Yinka Salaam, Osogbo

Some students of Baptist High School Iwo, Osun state dressed in the Hijab

Lawyers engaged in verbal war before Justice Jide Falola of an Osun State High Court, Osogbo, over the litigation on the use of Hijab by Muslim female students in public schools on Friday.

The case was instituted by Osun State Muslim Community against Osun State Government, seeking the order of the court to allow Muslim female use hijab in public schools before the state Christian Association of Nigeria (CAN) joined the suit.

The argument started yesterday when the Counsel representing Christian Lawyers Association of Nigeria, Akin Akintoye, on the invitation of the court, told the court that the hijab case came up when insurgency was gathering momentum, noting that the trend of suicide bombinsg has now attracted international concern.

He argued that President Muhammadu Buhari had said he was considering a ban on wearing of hijab in the public, urging the court to dismiss the application of the applicant and disallow use of hijab.

In a swift reaction, lead-Counsel to Muslim lawyers, Mr Qaseem Odedeji, urged the court to call Akintoye to order, saying  “it is injustice and failure to accord people their fundamentally given right that brings enmity and hatred in the society.”

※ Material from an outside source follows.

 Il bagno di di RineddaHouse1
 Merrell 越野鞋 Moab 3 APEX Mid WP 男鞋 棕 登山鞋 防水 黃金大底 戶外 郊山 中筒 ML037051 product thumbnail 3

He noted that the applicants had chosen the rule of law to ventilate their grievances, wondering why his colleague was linking terrorism with the present case.

According to the Muslim lawyer, there has not been any report that the president had banned or planning to ban use of hijab, as he explained that “only the issue of face veil was raised and is not applicable in the present case because the applicants are not praying for use of veil by students.

If some students commit exam malpractices by writing something in their pants, can we because of that ban others from wearing pants again.

Nigeria has not banned the use of Hilux Van despite that some terrorists use the Van to commit crime,” he submitted.

Mr Qaseem urged the court to allow Muslim female students use their hijab for fairness and equity sake and in accordance with their religion doctrine.

The presiding Judge, Justice Jide Falola, before his ruling, maintained that challenges before education system were larger than fighting over how students appear in school.

He said cultists were now in primary school, and mentioned exam malpractices, failure, among others as problems in the education system.

Justice Falola said “I want to castigate the government because it is indecision of the past and present government that allow continuation of cases like this.”

Recalling the crisis the case had caused in the past, Justice Falola advised the parties to discuss and resolve the issue and file terms of settlement before the judgment.

He adjourned the case indefinitely for judgment.